According to the program notes of the superb Bychkov/BBC Symphony Proms recording it is a tone poem, and it's one of my favourites too!


----------



## Roger Knox

John Ireland hasn't been mentioned yet. In order of preference:

The Forgotten Rite
A London Overture
Mai-Dun Symphonic Rhapsody


----------



## MusicSybarite

Roger Knox said:


> According to the program notes of the superb Bychkov/BBC Symphony Proms recording it is a tone poem, *and it's one of my favourites too!*


I completely agree


----------



## Steve1087

Copland:-
Quiet City
Our Town
Lincoln Portrait


----------



## Taplow

Strange Magic said:


> Ferde Grofe's _Grand Canyon Suite_ does very well, at least for the first four movements; the Sunrise segment especially effective and right up there with Grieg, Sibelius IMHO. The final thunderstorm, not so much--Beethoven is The Man here. Overall, a delightful piece of evocative music.


Agreed! I was going to mention this as a rather populist choice, but despite its mainstream appeal Grofé's ability to paint pictures through orchestration is remarkable. I've never been to the Arizona desert, but when I play this piece I am instantly transported there.


----------



## Tchaikov6

Anankasmo said:


> My favourites are certainly:
> 
> Saint-Saens: Danse macabre
> *Saint-Saens: Phaeton (great work, really really good and sadly overlooked.....)*
> Strauss: Alpensinfonie
> Strauss: Also sprach Zarathustra
> Sibelius: Swan of Tuonela


Phaeton's great!


----------



## SONDEK

As far as firm favourites go, my vote for best TONE POEM goes to LISZT Les Préludes.

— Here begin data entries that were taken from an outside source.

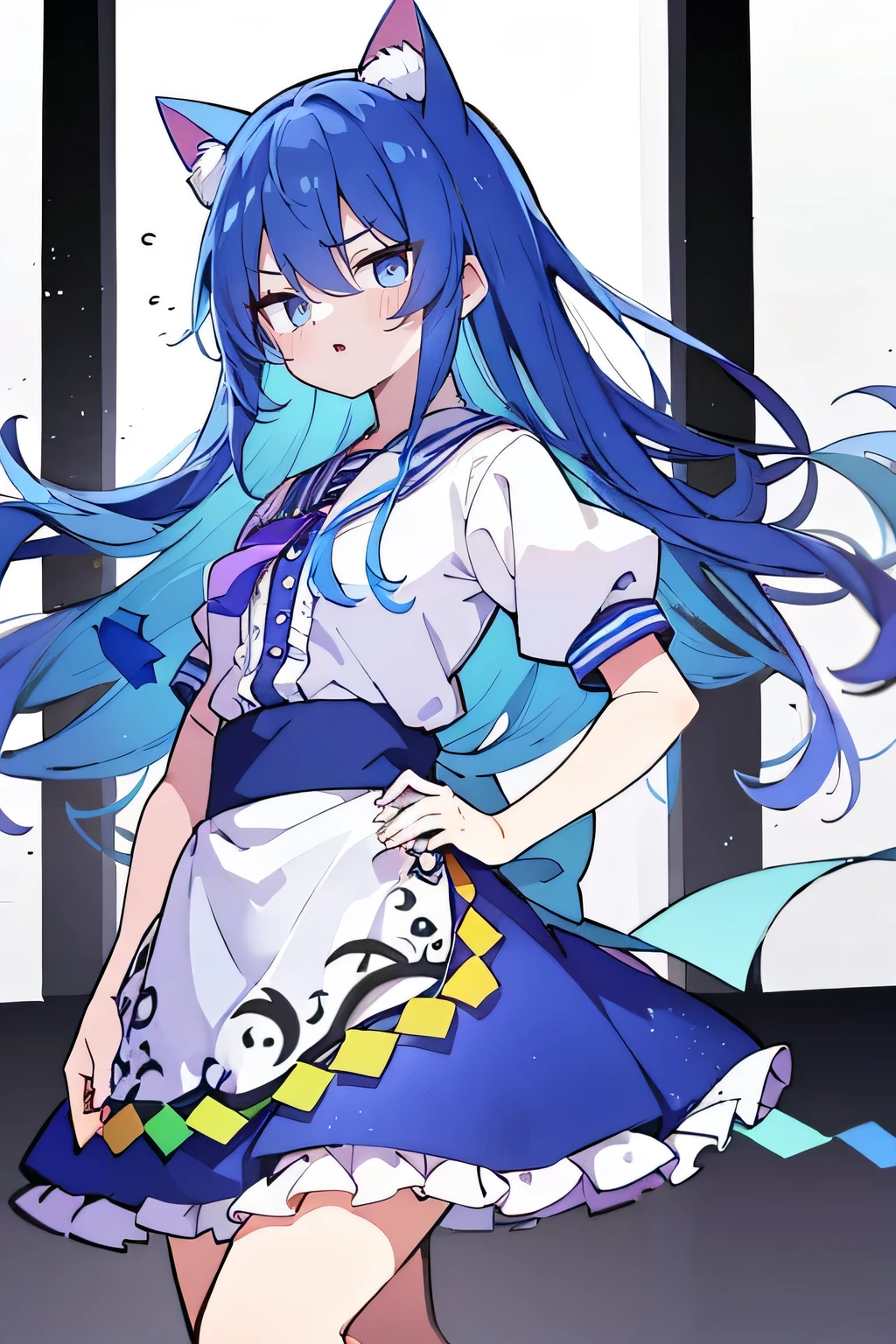 (masterpiece),best quality, expressive eyes, perfect face, 1girl,
Put your hands on your waist,fair, Gorgeous,Japanese cartoons,girl,lola,Hina Angel, blue hair, blue haired, floating clothes,Grab your waist, Grab your waist, hands on hips , hands on hips,sit, sit on ground, Legs on the ground, flat chest,cat ear,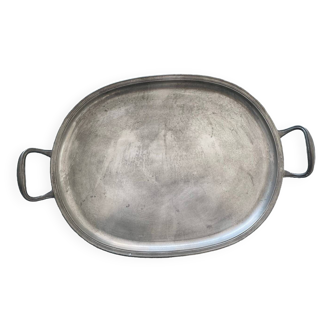 Large pewter serving tray with Étains du Manoir hallmark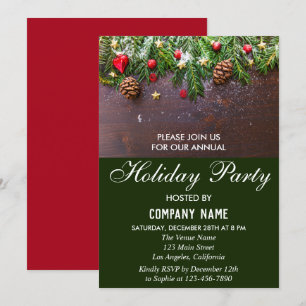 Invitation Fête Rustique de Noël de l'entreprise en Rouge et 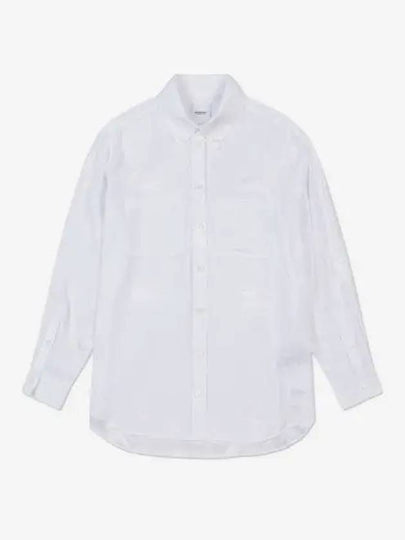 Women's EKD Jacquard Oversized Silk Shirt Optic White - BURBERRY - BALAAN 2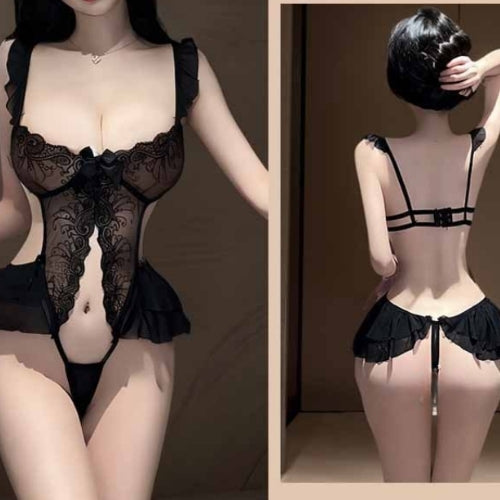 Lace Embroidered Lingerie Hollow Crotch Nightwear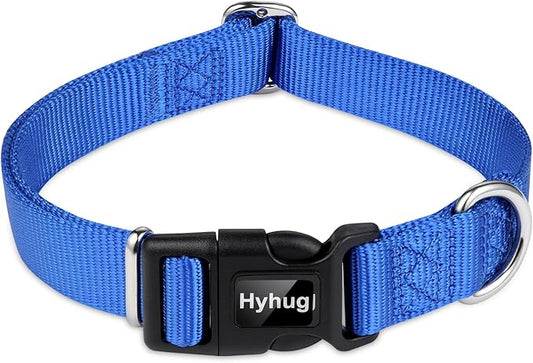 Hyhug Medium Dog Collar, Blue:Heavy-Duty Quick-Release Nylon Buckle, Adjustable & Durable, Cute Dog Collar (Medium, Bright Blue)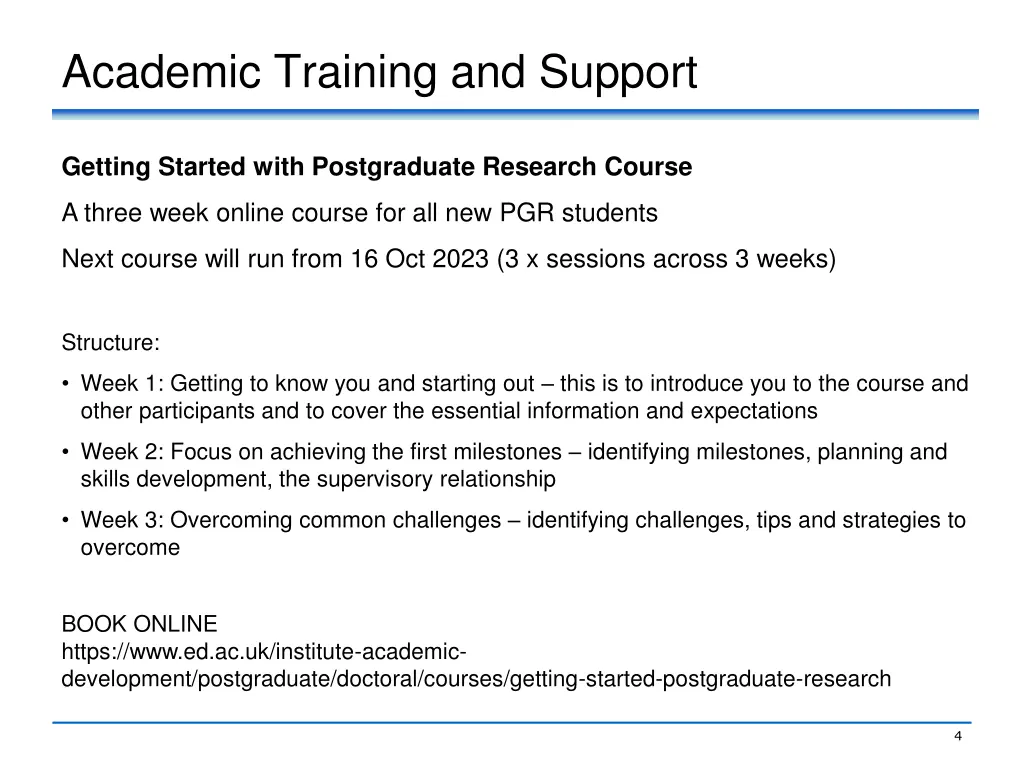 academic training and support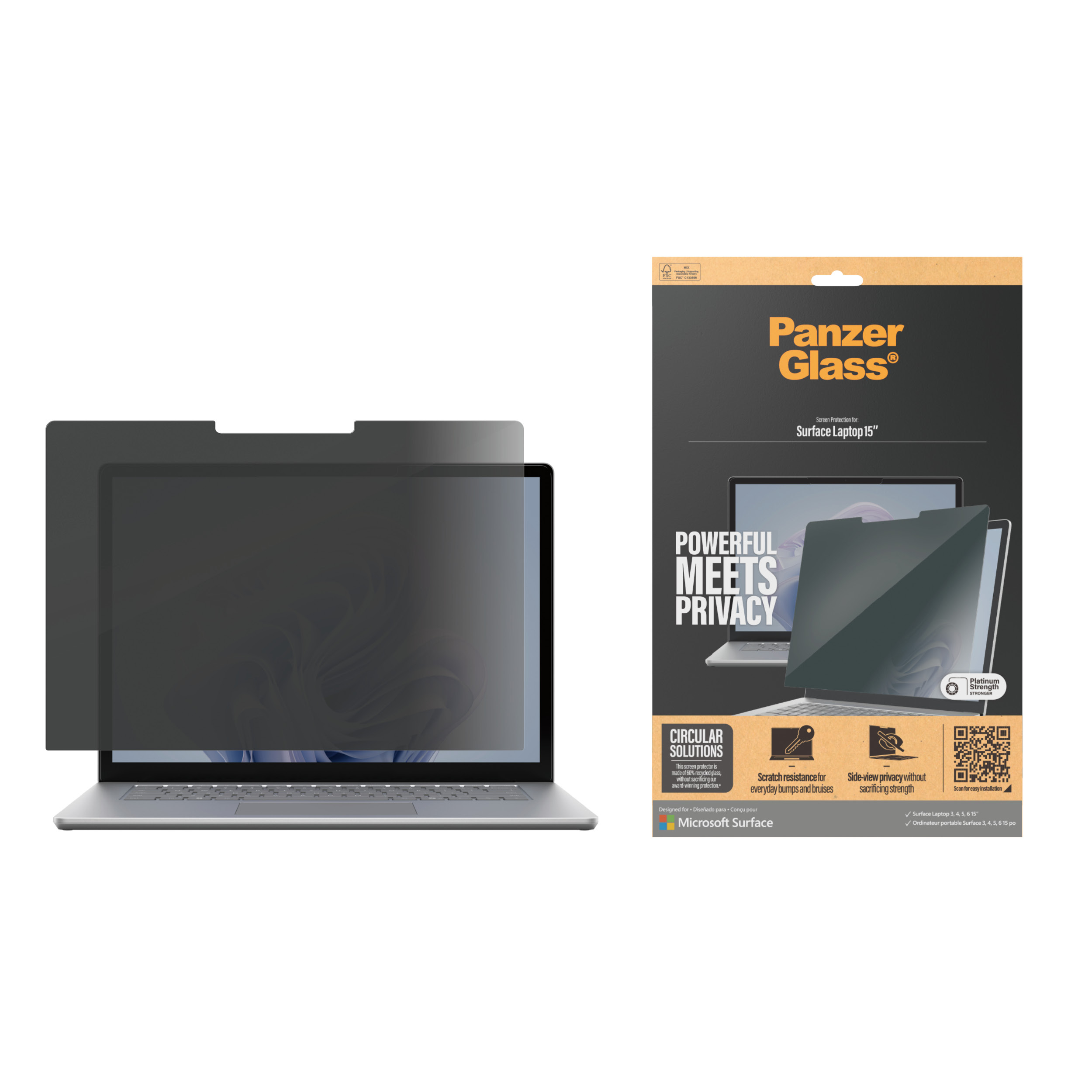 PanzerGlass ® Privacy Filters Microsoft Surface Laptop 15" | 6 | 5 | 4 | 3, Gehärtetes Glas, Polyeth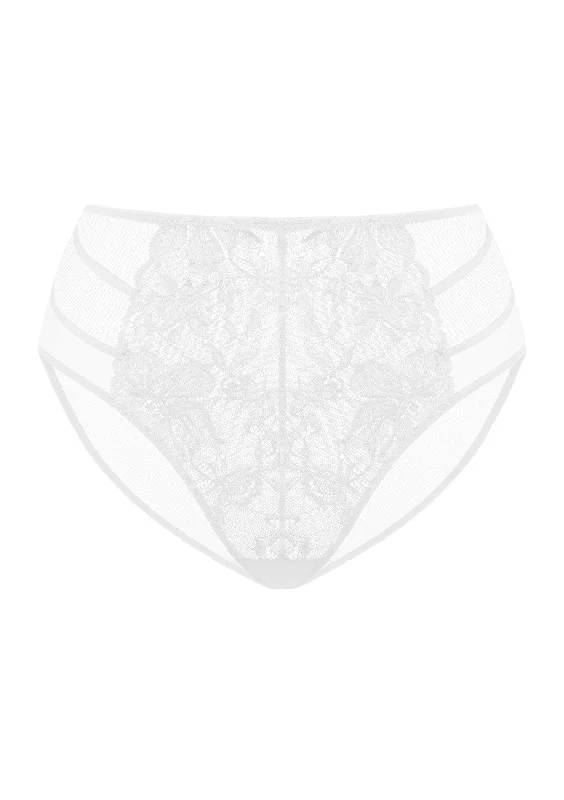 Bra with padded straps to reduce shoulder strain Pretty In Petals White High-Rise Lace Brief Underwear Bra with padded straps to reduce shoulder strain Pretty In Petals White High-Rise Lace Brief Underwear
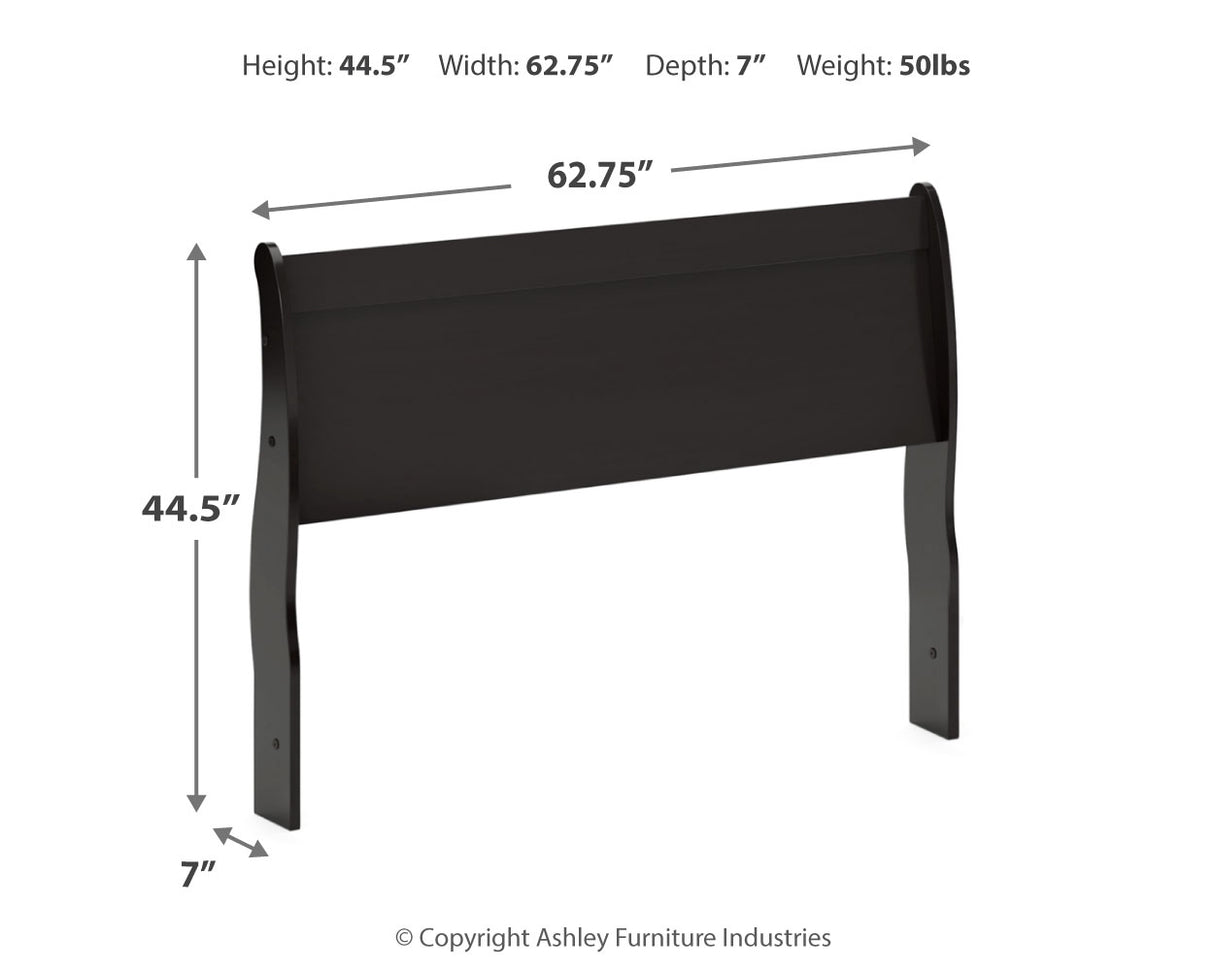 Huey Vineyard Queen Sleigh Headboard Bed with Dresser in Black from Ashley - Luna Furniture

Here's my current favourite version...









(You just gotta LOVE that brass section when it enters the fray...)


----------



## KJ von NNJ

Bantock - Fifine at the Fair, Dante and Beatrice. His symphonies are like tone poems. Great stuff.
Sibelius - Nightride and Sunrise, En Saga
Smetana - Hakon Jarl and Ma Vlast, Wallington's Camp
Dvorak - The Water Goblin,The Golden Spinning Wheel, The Wood Dove
Strauss - ASZ, DQ, EH, D&T, TEMP, Alpine Symphony. More like a tone poem. Gotta mention it. DJ, Metamorphosen.
Respighi - Church Windows and The Roman Trilogy
Liszt - Les Preludes, Mazeppa, Battle of the Huns, Tasso
Balakirev - Tamara
Nielsen - Saga Drom, Pan and Syrinx, Journey to the Faroe Islands
Novak - Eternal Longing, In the Tatras, Czech Suite (gotta mention this too!) A suite more like a tone poem in parts.
Schoenberg - Transfigured Night
Lilburn - Forest, A Song of Islands
Tchaikovsky - Francesca da Rimini
Zemlinsky - The Mermaid (a three movement mega tone poem)
Elgar - In the South (Alassio) I know it's an 'Overture', but it's more like a tone poem to me. A favorite.
Holst - Hammersmith, Egdon Heath
Revueltas - Sensemaya
Estevez - Noon on the Plain (Mediodia en el Llano)
Castellanos - Holy Cross of Pacairigua 
De Falla - Nights in the Gardens of Spain
Albeniz - Iberia

More, more, more!


----------



## Becca

KJ von NNJ said:


> Respighi - Church Windows and The Roman Trilogy * ...and Brazilian Impressions*
> Lilburn - Forest, A Song of Islands *... and Aotearoa*
> 
> More, more, more!


OK, then ...

Bax - Tintagel, Christmas Eve
Peter Maxwell Davies - Orkney Wedding with Sunrise


----------



## KJ von NNJ

I forgot about Delius and Magnard. I want to narrow my list down to ten but it won't be easy. The definition of tone poem or symphonic poem being a rule. No overtures, suites and the like. This will help.


----------



## KJ von NNJ

Becca said:


> OK, then ...
> 
> Bax - Tintagel, Christmas Eve
> Peter Maxwell Davies - Orkney Wedding with Sunrise


I have to listen to the Bax tone poems again. It has been a while. I have the first four symphonies on Naxos. These four discs also include five Bax tone poems in total. Tintagel is not among them. I will go to u-tube a bit later on and give it a listen.
I love the Aotearoa Overture! I would have mentioned it, but it is not a tone poem. Lilburn could have called it a tone poem and no-one would have argued with him! Thanks for mentioning the Maxwell Davies piece. I would like to give that one a listen too.


----------



## marshanp

KJ von NNJ said:


> I love the Aotearoa Overture!


Then (if you haven't already) you really should hear the Drysdale Overture (oh! what a wonderful tune!), the Second Symphony and the delightful 10-minute song cycle, Sings Harry.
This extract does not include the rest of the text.